Efficace ou non, il est certain que ce mode de sonorité était admis pendant le moyen âge. Parfois aussi, et notamment dans l’église de Montréale citée plus haut, des poteries acoustiques ont été noyées dans les reins des voûtes, l’orifice des pots étant tourné vers l’intérieur.

M. Mandelgren, archéologue suédois, qui a publié un très-curieux ouvrage sur les monuments scandinaves du moyen âge, a constaté dans la plupart des églises relevées par lui, un grand nombre de ces poteries incrustées dans les murs et les voûtes, soit en Suède, soit en Danemark. Est-ce là une tradition antique ou scandinave, puisqu’en Normandie on trouve quantité de ces poteries ? Nous nous garderons de décider la question. En Russie, beaucoup d’églises dans le style pseudo-byzantin possèdent également des pots acoustiques. Cet usage aurait-il été transmis à la Russie par les grecs byzantins ?

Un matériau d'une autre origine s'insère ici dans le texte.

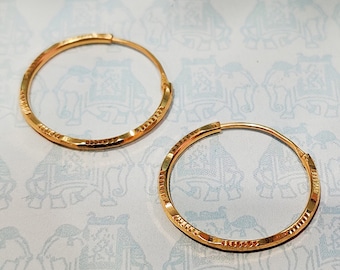 22K Real Gold Hoop Earrings | Lightweight Yellow Gold Round Hoops | Classic Everyday Jewelry Gift for Her | Handmade Minimalist Style Balis.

POTEAU, s. m. (estaque). Pièce de bois posée verticalement et portant des poitrails, des sablières, et parfois des façades ou des planchers.

Les constructions de bois, si fréquemment employées pendant le moyen âge, exigeaient l’emploi de poteaux pour soutenir des pans de bois, des planchers, des appentis, etc. Ces poteaux restaient apparents, car les architectes du moyen âge avaient le bon esprit de ne jamais revêtir les bois de charpente d’enduits, de stucs qui les détruisent rapidement. Les laissant apparents, ils les façonnaient avec soin, les chanfreinant sur les arêtes, s’ils étaient à portée de la main, pour ne pas offenser les allants et venants et pour éviter la dégradation de ces arêtes. Beaucoup de nos maisons, de nos halles du XVe siècle, possèdent encore des poteaux isolés, travaillés avec soin et parfois même décorés de sculptures. Mais on peut citer comme un type de ces morceaux de charpente, les poteaux qui soutiennent le plancher et les combles de la douane de Constance ; aussi nous n’hésitons pas à les donner ici comme un résumé de ce que la charpente a su faire en ce genre de plus complet et de mieux entendu. La douane de Constance fut construite en 1388. Elle se compose d’un

  1. Voyez, dans les Annales archéologiques, t. XXII, p, 294, l’article de M. Didron sur les poteries acoustiques.